When you’re stuck, it’s frustrating.

You’re in a fifty-fifty place where you could go either way. You could take the job or not. You could invest your time or not. You could get out or stay. Go or no go. Fifty-fifty.

You can’t decide.

You’re stuck.

To get unstuck, the first question is: How much time do you have?

The answer can range from no time to years.

If you have no time, you’ll use the process you’ve been trained to use. Or the process you’ve trained yourself to use.

In A Spy’s Guide To Thinking, there’s a process I used when faced with a new enemy. I didn’t have much time to think. Along the way, I got stuck. But the process also got me unstuck. It got me the right answers. Using the process meant I came away with a scar. But I didn’t lose all that I could have.

If you have more time, you can use strategic tools to get yourself unstuck. You can look forward and reason backward. You can use the simple game theoretic tools in A Spy’s Guide To Strategy to work backward through the games that you, your enemies and your allies want to play.

If you use those tools, most of the time you’ll get unstuck. You’ll see that the hole is in your data collection or your analysis or in the way you’re thinking about the games everyone is playing. But sometimes, those tools don’t get you unstuck.

Sometimes, you need a different tool for getting unstuck.

Here’s one more tool (not mentioned in those books) for getting unstuck: Change the size of the game.

I was helping a big company think through their negotiation strategy on a large deal. They wanted their potential partner to agree to terms that the partner was resisting. After a couple of weeks of back and forth, they were stuck.

It wasn’t a thinking issue. It wasn’t a strategic issue. They were just stuck.

Which the other side was happy about. But my client wasn’t happy about it. My client was action-oriented (which is why they hired me). They wanted to get unstuck.

To get unstuck, we changed the size of the game.

Changing the size of the game means one of two things:

1. You make the game smaller; or 2. You make the game larger.

With the big company, we looked at both. Could we get unstuck by getting into the details of the negotiation again? Or should we make the game bigger?

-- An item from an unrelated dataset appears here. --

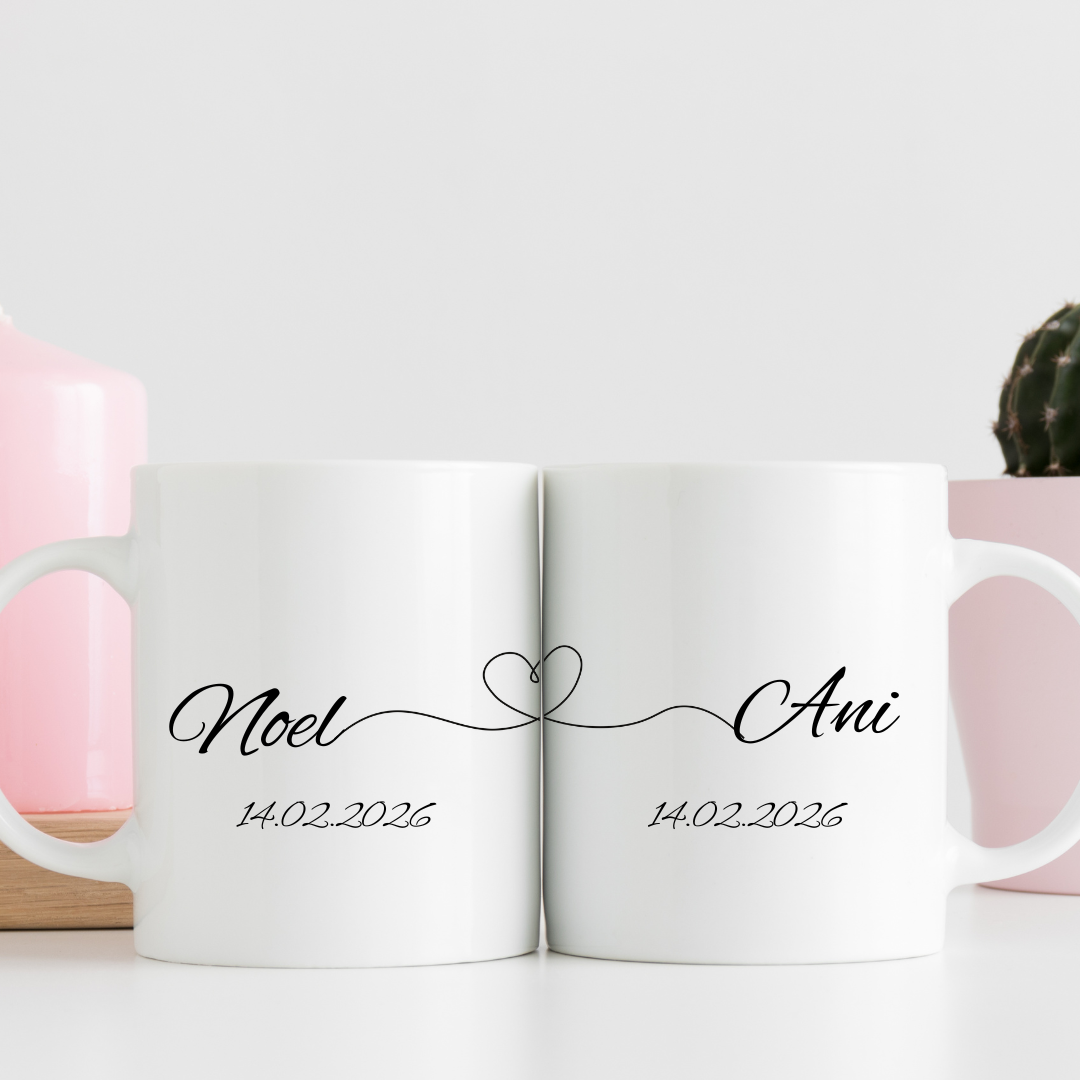 Personalizirani set šalica s imenima i datumom – minimalistički dizajn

In this case, we couldn’t get unstuck by making the game smaller. So we made the game bigger. We brought more players and more issues to the table.

Then, the potential partner was ready to move. Making the game bigger got us unstuck.

You have the same choice when your thinking is stuck:

You can make what you’re thinking about smaller; or

You can make what you’re thinking about bigger.

If you’re looking at whether to take a new job, you can look at the details of salary comparisons and work-life balance and health benefits. Or you can look at the bigger picture and look at your career and whether the new job is better for advancement and skill-gathering and personal development.

Or, if you’re looking at whether to invest your time in a charity, you can look at the details of what you can contribute. How your time will be spent. How you can advance its mission. Or you can look at the big picture of how the charity contributes to solving the problems you want to solve.

You can get unstuck by getting deeper into the details. Or you can get unstuck by introducing more data and more issues and (maybe) more players into the equation.

So which is it? Do you go bigger or smaller when you’re stuck?

It depends on the situation (Which is the way you want it. If every situation benefited from the same thing, there’d be no art to getting unstuck).

Sometimes, it’s better to enlarge the game. Sometimes, it’s better to shrink it. Once you’ve practiced doing both, you’ll have a feel for which situations require which step first.

But if you don’t know which to do, here’s my advice: Alternate.

Sometimes, go smaller first. Sometimes, go bigger first. Sometimes, start with the details. Sometimes, start with the big picture. Go back and forth between them until you see which situations are likely to be better served by going smaller. And which are better served by going bigger.

Because the best way to get unstuck is to make a move.

Even if the first move is thinking a different way.